For Taco Tuesday (or Thursday!)

These are a hit in my house and even my crabby friend Jim loves them.  There's so much flavor going on that you don't really miss the meat..... however, see the end of the recipe for the ground turkey substitution.

Black Bean & Tofu Tacos
(serves 4, prep/cook time approx 30 minutes)

You will need:
  • 1 small onion, chopped (approx 1/2 cup)
  • 2 tsp. cumin
  • 2 tsp coriander
  • 1tsp chili powder OR Penzey Spices Arizona Heat (Salt Free)
  • 3 cloves garlic, minced or more depending on your preference 
  • 1 can Rotel original, drained (and if you want, rinsed to reduce sodium)
  • 1 can reduced sodium black beans, rinsed & drained
  • 3/4 pkg extra firm tofu, cubed
  • 4 wheat tortillas or 16 corn tortillas
Optional (extra ways to get your veggies!):
  • 1/2 cup fresh or frozen diced green pepper
  • 1/2 cup canned or frozen corn
Toppings, also optional:
  • 1/4 cup chopped cilantro
  • 1 Tbsp low-fat or fat free sour cream (or plain fat free greek yogurt)
  • 1 Tbsp low sodium salsa
  • 1 Tbsp shredded cheese (Mexican or Taco Blend will work, also consider low fat Mozzarella) 
Set stove to medium heat; Spray large pan lightly with olive oil cooking spray. Saute chopped onion until translucent and brown at edges.  Add cumin, coriander and chili powder, cook for 1-2 minutes or fragrant.  Add garlic and cook another minute.  Add Rotel and black beans, simmer for 3-4 minutes.

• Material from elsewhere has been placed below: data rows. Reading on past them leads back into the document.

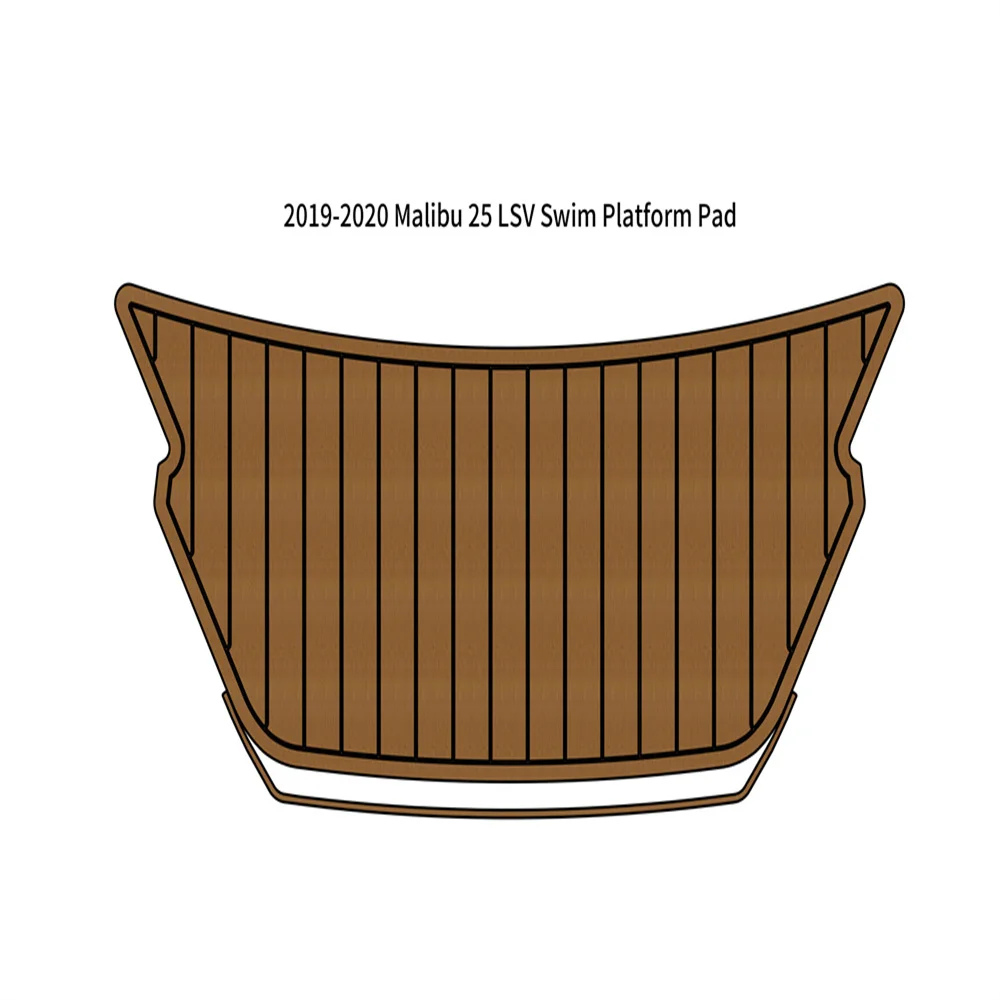 2019-2020, Malibu 25 LSV, платформа для плавания, лодка из искусственного пеноматериала, напольная подушка из тика
2019-2020, Malibu 25 LSV, платформа для плавания, лодка из искусственного пеноматериала, напольная подушка из тика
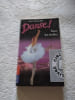 Danse! Sous les &eacute;toiles. Anne-Marie Pol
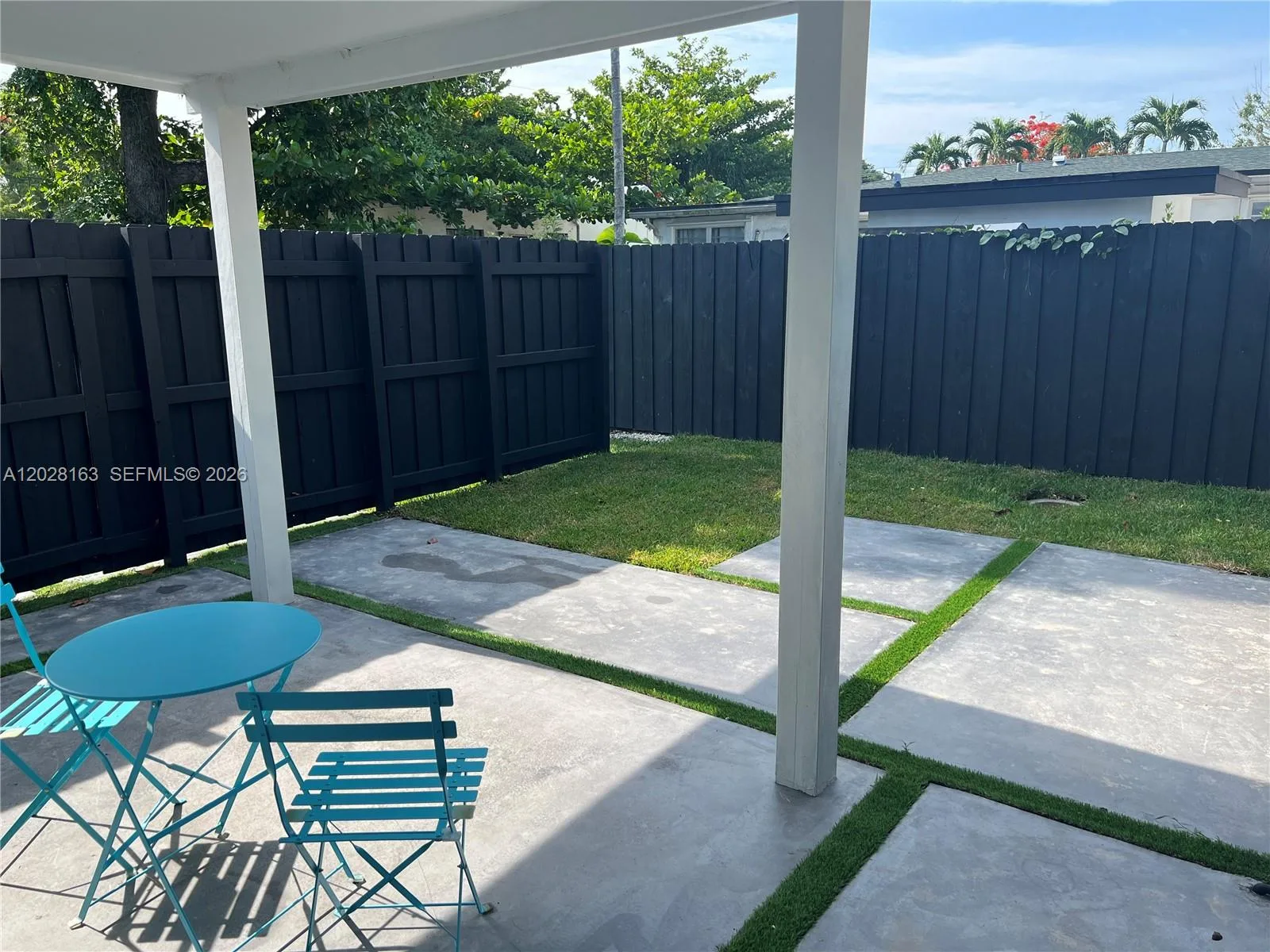 4290 SW 9th St # B, Miami, FL 33134 photo 5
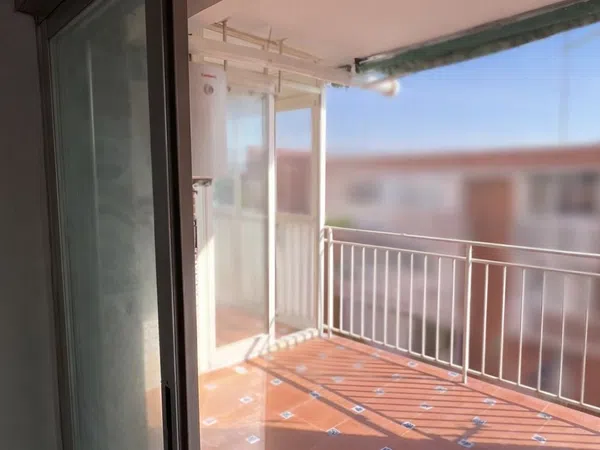 Piso en Centro - Foto 26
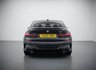 USED 2019 69 BMW 3 SERIES 2.0 320i M Sport Saloon 4dr Petrol Auto Euro 6 (s/s) (184 ps) 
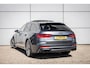 Audi A6 Avant 55 TFSIe 367pk quattro Competition | Panoramadak | Trekhaak | Head-up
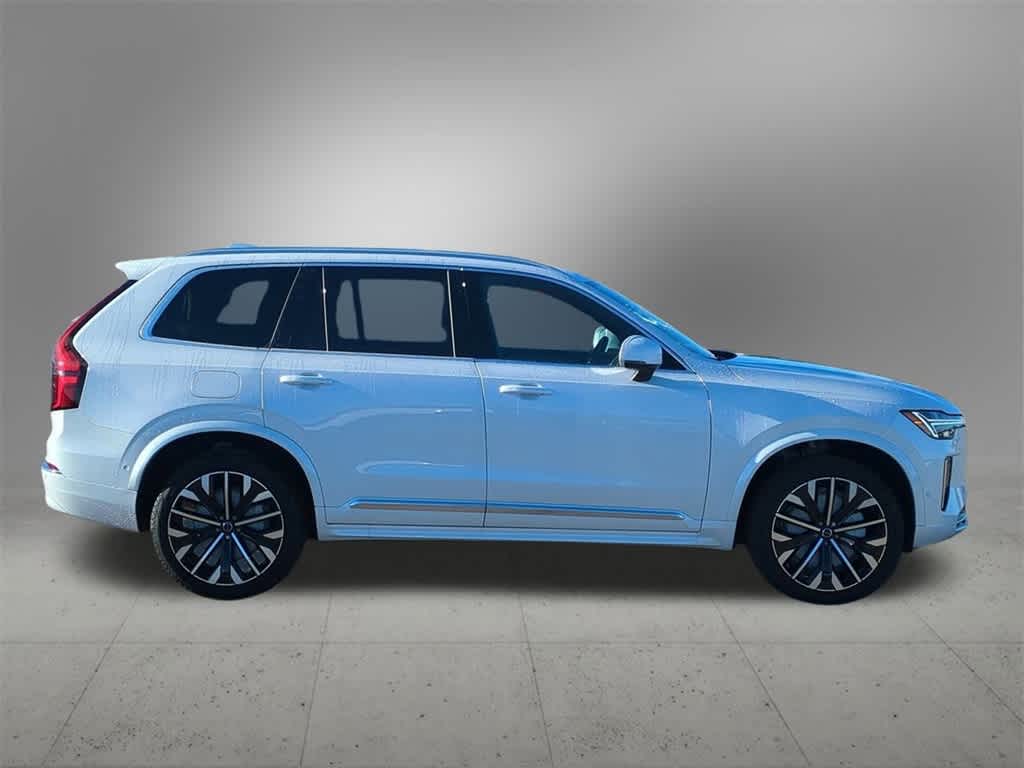 Thumbnail: 2026 Volvo XC90 - 7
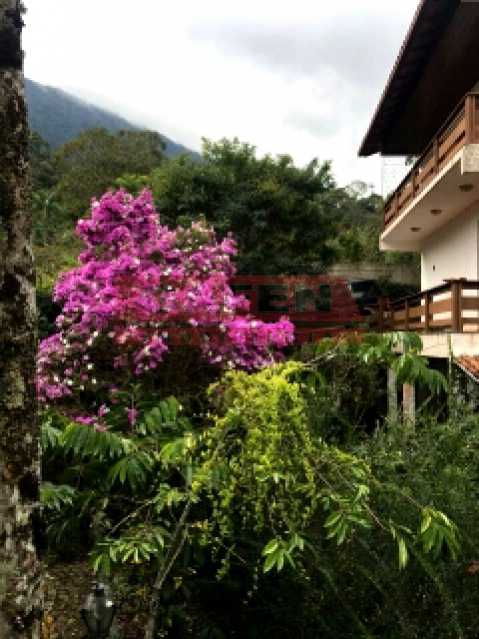 Conheça WhatsApp Image 2019-10-23 at 1 do imóvel - CASA TRIPLEX - GACN50003 - 7 WhatsApp Image 2019-10-23 at 1 - CASA TRIPLEX - GACN50003 - 7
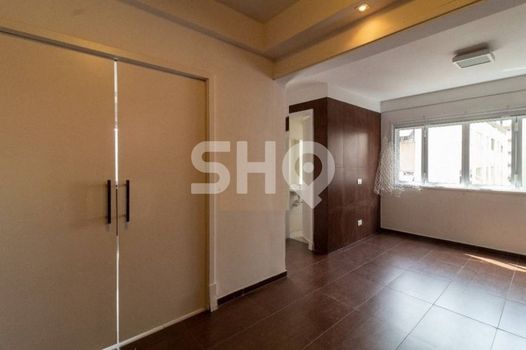 Foto 30 do(a) Apartamento de 3 quartos à venda em Itaim Bibi, São Paulo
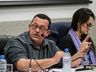Audiência debate projeto que altera Serviço de Inspeção em SMO
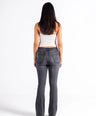 FLARE JEANS (1230/5)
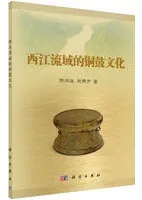 ����ή��ŪƼ��ʸ��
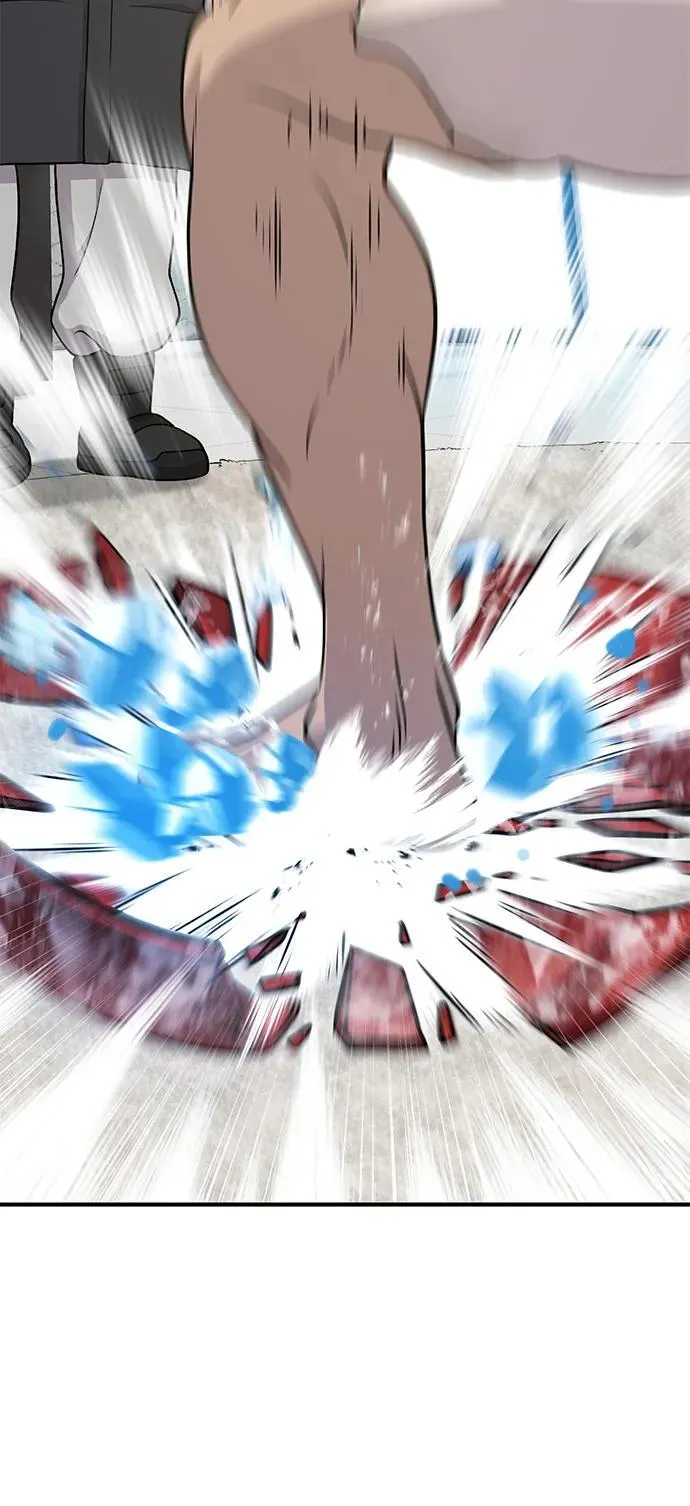 [第46话] 艾琳的礼物11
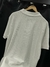 Polo Armani - comprar online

*Meanwhile, warm tortillas in microwave or in oven; wrap in a dishtowel or place in warmer to maintain heat. If you want a crispy tortilla, warm them in another pan or skillet until they brown slightly.*

Add tofu to your bean mixture and use a slotted spoon to crumble; Simmer until moisture cooks off and mixture sticks together.  Remove from heat.

For wheat tortillas - spread with 1/2 cup mixture and top as desired (making sure to use only a tablespoon of each topping). Wheat tortillas can be high in sodium, so check the label while you're at the grocery store.

For corn tortillas - these crumble easily, so I suggest browning them in a skillet and using two per taco.  Spread with 1/4 cup mixture (you can have two of these because they are smaller!)

*If you wish, you can use 1/2 lb lean ground turkey in the place of tofu; In this case, you would
 season the turkey with spices and brown first (until no traces of pink remain) , then add onion, garlic, etc.